The bishops also approved a three-page “Charter for spiritual accompaniment” at their plenary assembly.

The bishops’ conference said that France’s bishops would publish confession guidelines in their dioceses in 2025, based on the new “Guidelines for confessors.”

Following the 2021 final report by the Independent Commission on Sexual Abuse in the Catholic Church (CIASE) — which estimated that 330,000 children were abused in the Catholic Church in France between 1950 and 2020 — the bishops established nine working groups composed of lay people and clergy.
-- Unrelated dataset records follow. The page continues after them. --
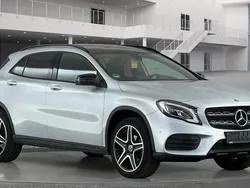 Silber Gebraucht 2019 Mercedes GLA200 AMG SUV | 25.450 € (Superpreis)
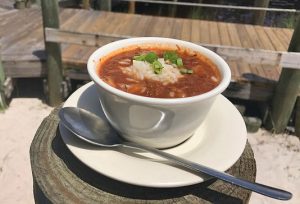 Seafood Gumbo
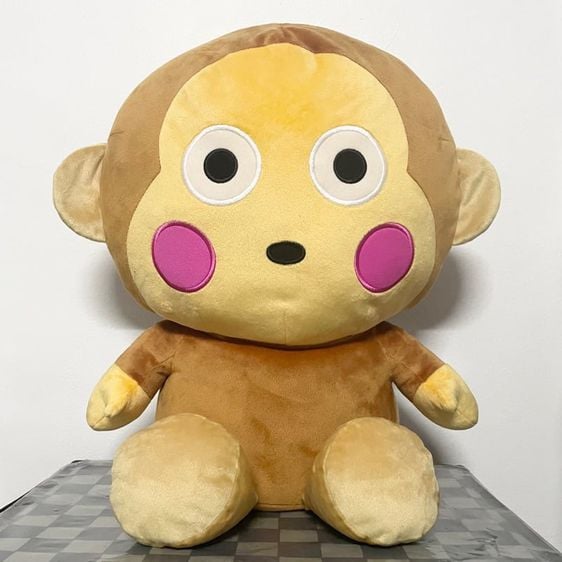 ตุ๊กตา ซุกเท้า ลิง monkichi มังคิชิ 18"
One of the groups was dedicated to “confession and spiritual accompaniment.” 

The groups presented proposals to the bishops at their March 2023 plenary assembly.

The CIASE report urged the bishops to “communicate a clear message” that “the seal of confession cannot derogate from the obligation laid down by law and the [French] criminal code … to report to the judicial and administrative authorities all cases of sexual violence inflicted on a child or a vulnerable person.”
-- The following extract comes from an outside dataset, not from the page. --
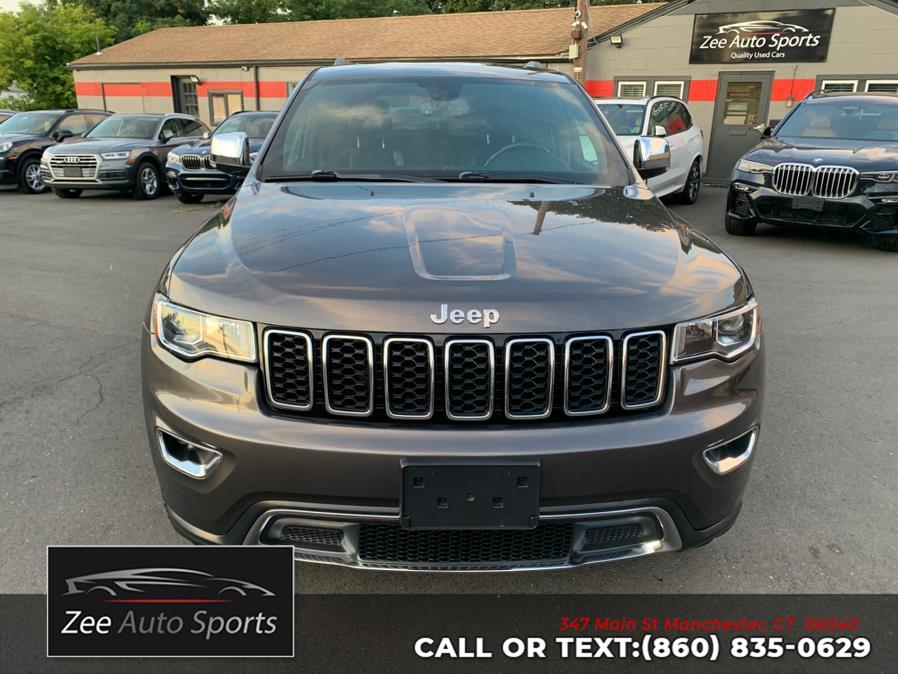 2019 Jeep Grand Cherokee Limited X 4x4, available for sale in Manchester, Connecticut | Zee Auto Sports. Manchester, Connecticut 2019 Jeep Grand Cherokee Limited X 4x4, available for sale in Manchester, Connecticut | Zee Auto Sports. Manchester, Connecticut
Bishops’ conference president Archbishop Éric de Moulins-Beaufort clashed with French secular authorities in October 2021, in the immediate aftermath of the CIASE report, when he said in an interview that the seal of confession was “stronger than the laws of the Republic.” 
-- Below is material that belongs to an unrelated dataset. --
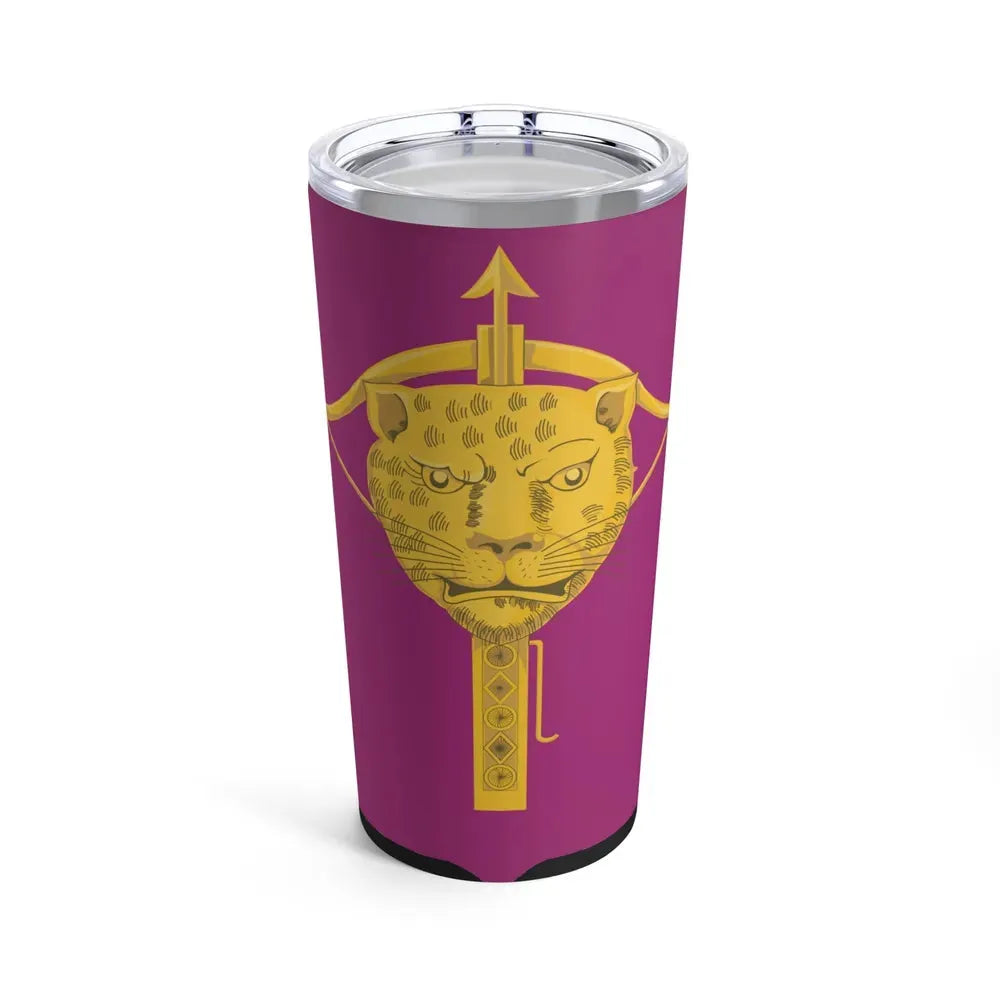 15 Ordnance Battalion 2 (U.S. Army) Tumbler 20oz 20oz - Go Mug Yourself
France has a mandatory reporting law that includes sanctions for failing to report a crime. 

Responding to the archbishop’s remarks, the then French government spokesman Gabriel Attal insisted “there is nothing stronger than the laws of the Republic in our country.” 

Moulins-Beaufort was invited to a meeting with France’s then interior minister Gérald Darmanin.

In a statement after the meeting, the bishops’ conference said: “Archbishop Éric de Moulins-Beaufort was able to discuss with Gérald Darmanin the clumsy wording of his answer on France Info last Wednesday morning.”

“For us Christians, faith appeals to the conscience of each individual, calling us to seek the good relentlessly, which cannot be done without respecting the laws of our country,” it said.

“The scale of the sexual violence and assaults on minors revealed by the CIASE report requires the Church to re-examine its practices in the light of this reality. Work is therefore needed to reconcile the nature of confession with the need to protect children.”